LA PROTESTA, da quel momento, non si è fermata. Nei giorni a seguire ci sono stati nuovi blocchi da parte di lavoratori, lavoratrici, sindacalisti e solidali e nuove cariche da parte delle forze dell’ordine. Si chiede in primis il reintegro delle nove lavoratrici sospese in attesa di trasferimento, ma i contenuti della mobilitazione parlano anche delle condizioni di lavoro dentro l’azienda. Gli operai di Italpizza lamentano non solo un contratto che non corrisponde alla mansione reale, ma l’obbligo a lavorare molte ore in più di quelle che appaiono in busta paga, i turni sfiancanti, il lavoro nei giorni festivi e le paghe basse.

VIENE DENUNCIATA una situazione di irregolarità e sfruttamento, già evidenziata rispetto ad altre aziende della regione, come la lunga vertenza Castelfrigo del settore carni o i magazzini della logistica. Tutti ambiti in cui c’è una netta prevalenza di manodopera migrante.
«La cooperativa non vuole ritirare i nove trasferimenti anche per spaventare gli altri lavoratori, per evitare che si esprimano sulle reali condizioni di sfruttamento che vivono. Rischiano però di ottenere l’effetto opposto. Negli ultimi giorni siamo passati da 20 a 100 iscritti al sindacato», dice ancora Karim, del Si cobas.

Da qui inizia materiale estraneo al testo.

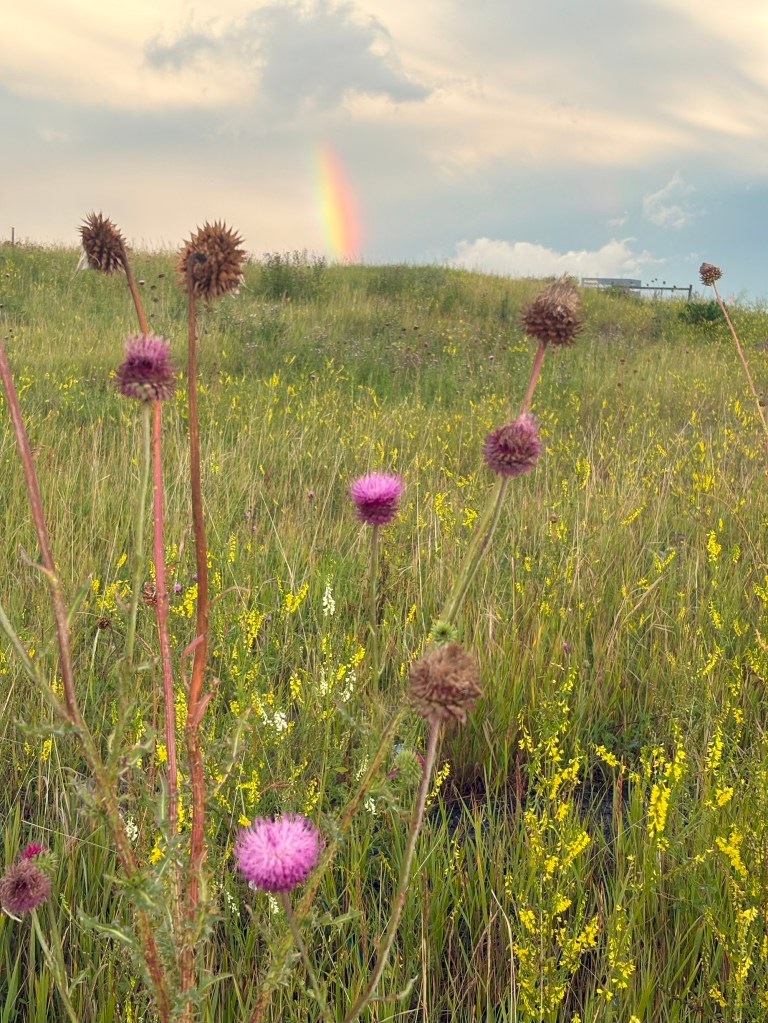 Calgary Rainbow Blue Sky City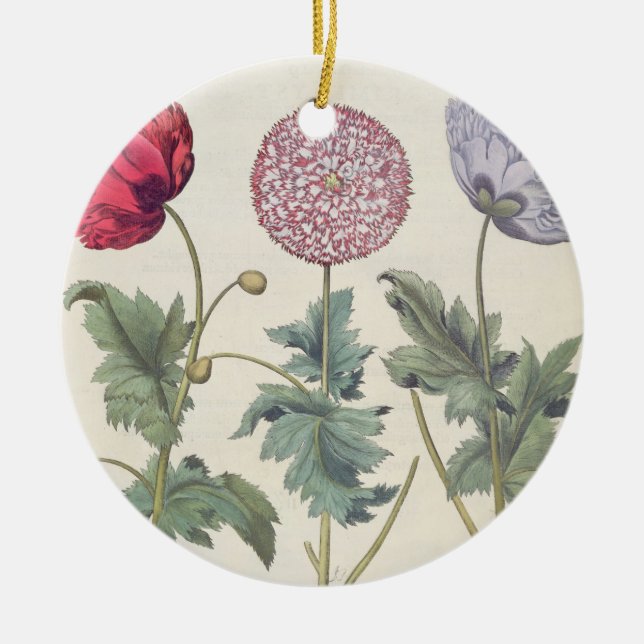 Mohnblumen: Multiplexalbumoris 1.Papaver Keramikornament (Vorne)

OGGI È PREVISTO UN INCONTRO convocato dalla prefettura al quale sono state chiamate a partecipare tutte le parti in causa. «Speriamo che si apra un dialogo, altrimenti torneremo ai cancelli. Se non vengono reintegrate le lavoratrici da lunedì lanceremo una campagna nazionale di boicottaggio del marchio Italpizza».